Utley's ferocious work habits and hard style of play, not to mention plain bad luck, could be catching up to him.
And that's the problem with the Phillies, your presumptive 2011 National League champions. They are an older team: Ryan Howard, 31, Utley, 32, Carlos Ruiz, 32, Jimmy Rollins, 32, Placido Polanco, 35, Raul Ibañez, 38 . . . and now they want to replace Utley with Wilson Valdez, 32, who never batted 350 times in a season?
The fallout from signing Cliff Lee is that the Phillies don't have room to add an established player at significant cost. But that may not be a bad thing for Philadelphia. It is better off finding a young, athletic, defensive-minded second baseman to stand in for Utley if he is out for a lengthy spell -- especially with all the money it has invested in pitching.
Oh, and about that great starting rotation? Do you expect them to make all of their starts? Lee is 32, Roy Oswalt is 33 and Roy Halladay is 33. It is unusual for three guys on the same team age 32 and older to make at least 32 starts.
It's happened only seven times since 1901, only four times without a knuckleball pitcher among the trio, and only once in the past 17 years -- back in 2001 when John Burkett, Tom Glavine and Greg Maddux of the Braves made the 32/32 club without the strain of needing plus-velocity.
The Phillies are still a force to be reckoned with in the National League, but the Utley injury brings their worst-case scenario into play. They look like a great team on paper, but because of age, durability is Philadelphia's concern.
Pedro Martinez is 39 and hasn't pitched since 2009, but he said he is not retired. Martinez, who weighs 195 pounds, said he is working out and throwing in Miami in case "the right team and the right time" add up to another opportunity to pitch in the majors. Martinez said he proved to himself that his arm is in good health by firing stones hard enough and accurate enough to dislodge coconuts from trees. The Marlins would seem to be the most appealing fit for Martinez if only because of the proximity to his home.
If Martinez does not come back, he will go on the Hall of Fame ballot of December 2014. Other first-time eligible players who would join Martinez on that ballot include Randy Johnson, John Smoltz and Gary Sheffield.
In the meantime, whether he comes back or not, Martinez will enter the halls of the Smithsonian.
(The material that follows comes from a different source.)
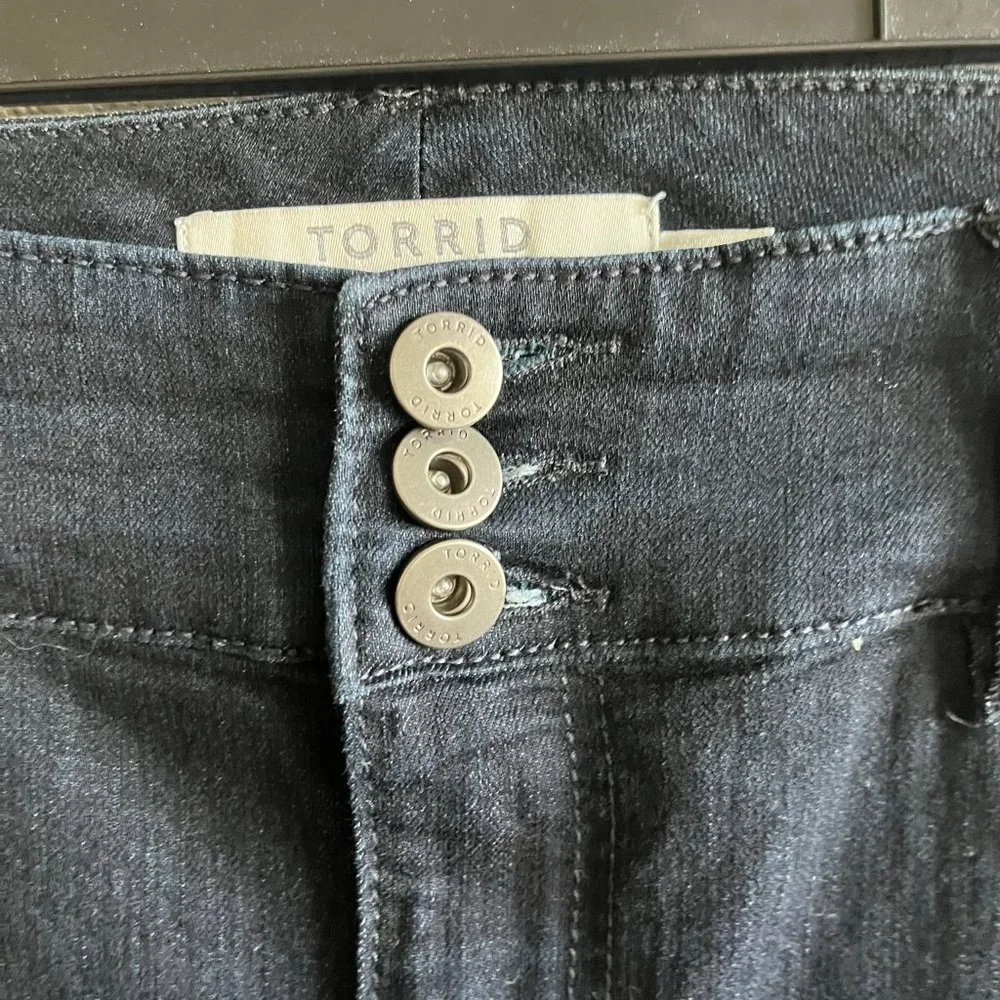 Torrid Dark Wash Stretch Jeggings Size 14 Style 10114977 - Picture 6 of 11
A portrait of Martinez, created in 2000 by Susan Miller-Havens and donated by Peter Gammons, will be installed March 25 at the Smithsonian's National Portrait Gallery. It will be the first portrait of a major league pitcher in the gallery's collection.
Back in 1922, the Pathe Brothers Company of Paris developed 9.5 mm film, an inexpensive format that became popular in Europe. Two years later, somebody took a 9.5 mm film camera to Yankee Stadium, then scarcely more than a year old, and shot film of some of the greatest legends in baseball history, who could have been there taking part in some sort of exhibition game: Babe Ruth, Ty Cobb and Walter Johnson. The film may have been part of an instructional series that was distributed in Europe and then essentially forgotten for nearly a century.
MLB Productions recently acquired three minutes of this rare, high-quality footage. The fascinating up-close look of Ruth and Cobb hitting and Johnson pitching will be shown on MLB Tonight Monday at 7 p.m. on the MLB Network. (Disclosure: I work for MLB Network, though not in 9.5 mm.)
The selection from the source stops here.